From the records below, print only the part that opens with the line containing "Once logged into" and closes with the line containing "Now, your laptop"; omit the pictures.

**** Dataset ****

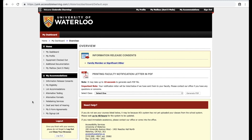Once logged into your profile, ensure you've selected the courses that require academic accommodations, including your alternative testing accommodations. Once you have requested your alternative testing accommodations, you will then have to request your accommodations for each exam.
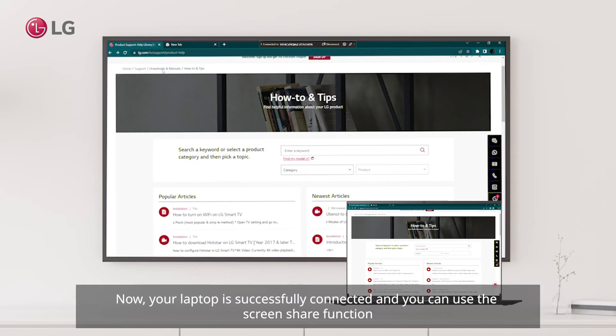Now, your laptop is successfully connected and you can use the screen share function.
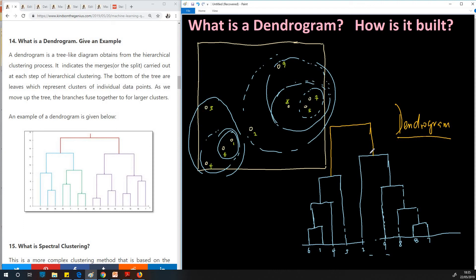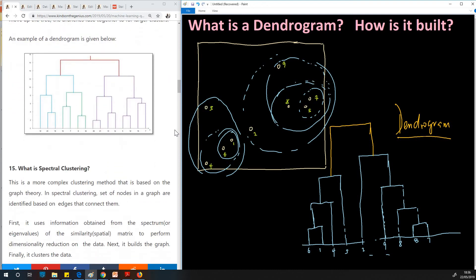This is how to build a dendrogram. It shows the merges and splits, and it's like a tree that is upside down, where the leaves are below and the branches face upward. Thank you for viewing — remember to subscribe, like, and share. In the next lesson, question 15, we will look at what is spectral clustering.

****
**** Dataset ****

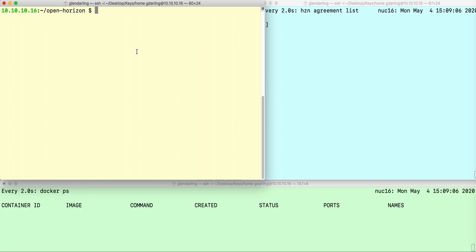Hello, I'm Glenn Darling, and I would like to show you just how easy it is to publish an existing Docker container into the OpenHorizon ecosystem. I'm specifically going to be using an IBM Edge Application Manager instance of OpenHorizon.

****

◆ Exercise answer:
Once logged into your profile, ensure you've selected the courses that require academic accommodations, including your alternative testing accommodations. Once you have requested your alternative testing accommodations, you will then have to request your accommodations for each exam.
Now, your laptop is successfully connected and you can use the screen share function.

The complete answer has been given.